We have developed a workload-aware performance tuning framework for Spark that collects and analyzes telemetry information about all the Spark applications in a cluster. Based on this analysis—which uses batch processing, real-time streaming, and ML analysis that Spark excels at—the framework can identify many ways to improve the overall performance of the Spark workload: (i) by identifying datasets with skewed distributions that are causing significant performance degradation, (ii) by identifying tables and Dataframes that will benefit from caching, (iii) by identifying queries where broadcast joins can be used to improve performance over repartitioned joins, (iv) by identifying the best default values to use at the cluster level for driver and executor container sizes, and (v) by identifying the best cloud machine type for the workload.
Our talk will cover the architecture and algorithms of the framework as well as the effectiveness of the framework in practice. One of the key takeaways from this talk includes how building such a performance framework requires combining algorithms from machine learning with expert knowledge about Spark. We will show through case studies how neither a pure rule-based approach that uses an expert knowledge base nor a pure machine-learning-based approach that uses state-of-the-art algorithms from AI/ML works well in practice. We will also distill our experiences into key insights we learned about building AI/ML applications in Spark.

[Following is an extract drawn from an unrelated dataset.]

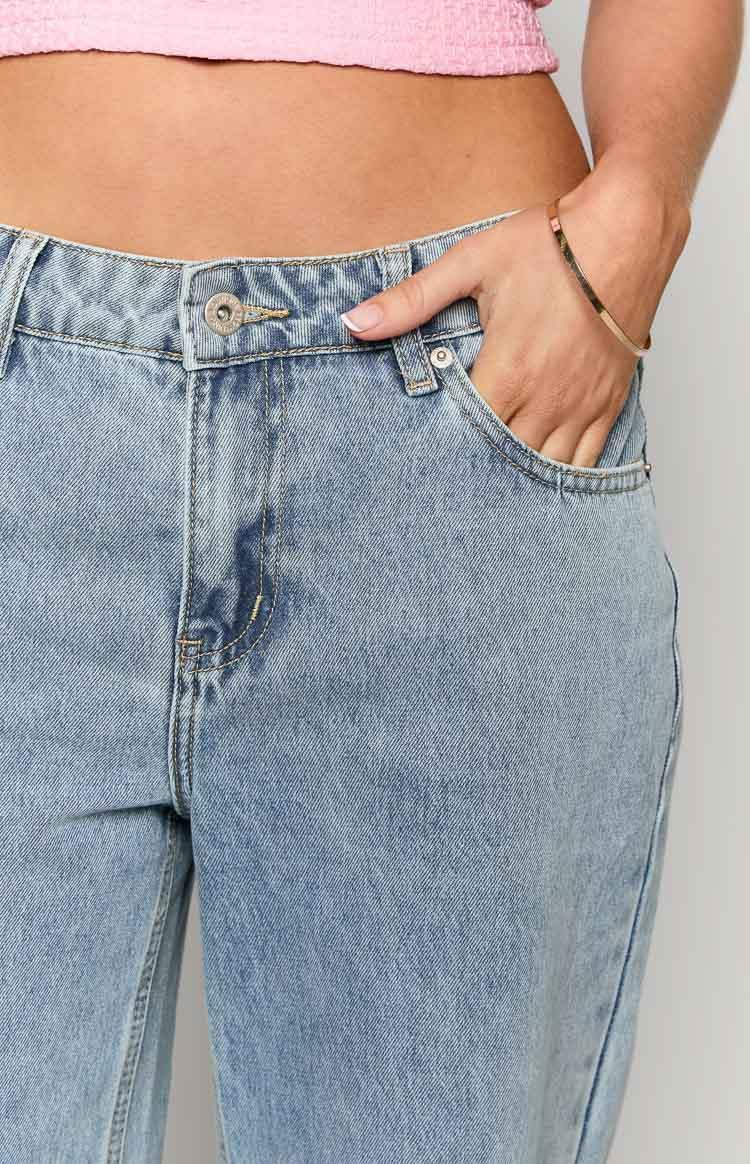 Sonny Mid Wash Low Rise Wide Leg Jeans Product Image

Session hashtag: #Exp8SAIS
Adrian Popescu is a data engineer at Unravel Data Systems working on performance profiling and optimization of Spark applications. He has more than eight years of experience building and profiling data management applications. He holds a PhD in computer science from EPFL, a master of applied science from the University of Toronto, and a bachelor of science from University Politehnica, Bucharest. His PhD thesis focused on modeling the runtime performance of a class of analytical workloads that include iterative tasks executing on in-memory graph processing engines (Apache Giraph BSP), and SQL-on-Hadoop queries executing at scale on Hive.
Shivnath Babu is the CTO at Unravel Data Systems and an adjunct professor of computer science at Duke University. His research focuses on ease-of-use and manageability of data-intensive systems, automated problem diagnosis, and cluster sizing for applications running on cloud platforms. Shivnath cofounded Unravel to solve the application management challenges that companies face when they adopt systems like Hadoop and Spark. Unravel originated from the Starfish platform built at Duke, which has been downloaded by over 100 companies. Shivnath has won a US National Science Foundation CAREER Award, three IBM Faculty Awards, and an HP Labs Innovation Research Award.